A volume integral leads to a 3-form, a line integral leads to a 1-form, and a surface integral leads to a two form; see Flanders' nice book. We will give examples below based on exercises from the popular calculus textbook by James Stewart (8th edition).
Consider two manifolds M and N, possibly of different dimension. A manifold in the present work is simply an n-dimensional Euclidean space. Suppose we have a smooth map f: M -> N. This map induces a map f* from the cotangent space of N to that of M. Because f* goes the opposite direction of f, it's called a pullback.

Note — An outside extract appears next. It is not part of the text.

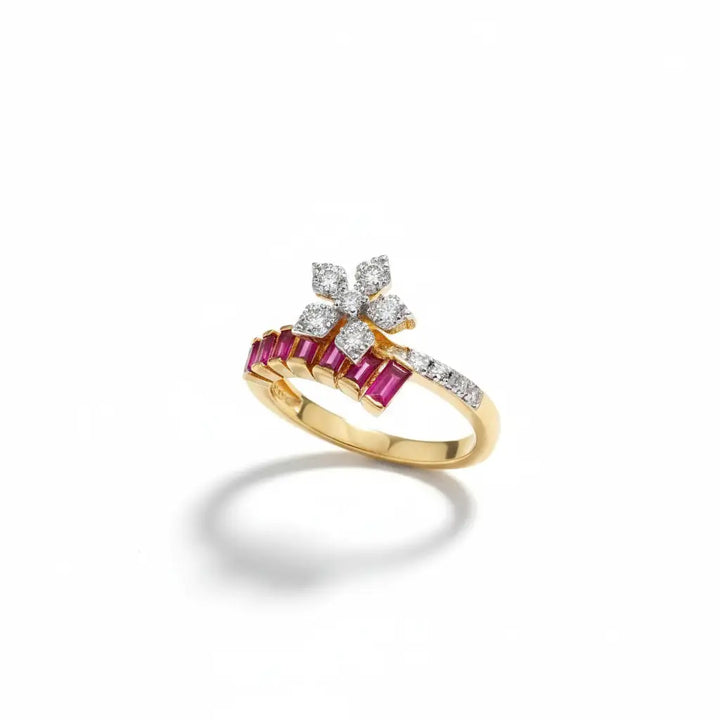 Floral Ruby Monzonite Diamond Ring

Imagine that M is a three-dimensional Euclidean space with Cartesian coordinates, and N the same space but with spherical coordinates. We evaluate three triple integrals in Stewart Section 15.8, Exercises 41--43.
restart: with(DifferentialGeometry): with(plots):
We first define manifolds M and N, and the transformation.
DGsetup([x,y,z], M); DGsetup([rho, theta, phi], N);
frame name: M
frame name: N
f := Transformation(N, M, [x=rho*sin(phi)*cos(theta), y=rho*sin(phi)*sin(theta), z=rho*cos(phi)]);
Exercise 41:
Int(Int(Int(x*y, z=sqrt(x^2+y^2)..sqrt(2-x^2-y^2)), y=0..sqrt(1-x^2)), x=0..1);
We define a three-form associated with M, and pullback to N.
lambda1 := evalDG(x*y*dz &wedge dy &wedge dx);
l1p := Pullback(f, lambda1);
The triple integral is over the region shown below.
p11 := plot3d([sqrt(2)*sin(phi)*cos(theta), sqrt(2)*sin(phi)*sin(theta), sqrt(2)*cos(phi)], phi=0..Pi/4, theta=0..Pi/2): p12 := plot3d([rho*sin(Pi/4)*cos(theta), rho*sin(Pi/4)*sin(theta), rho*cos(Pi/4)], rho=0..sqrt(2), theta=0..Pi/2): display({p11, p12}, scaling = constrained);
We integrate the three form.
IntegrateForm(l1p, rho=0..sqrt(2), phi=0..Pi/4, theta=0..Pi/2);
Exercise 42 is below, with a similar procedure as above.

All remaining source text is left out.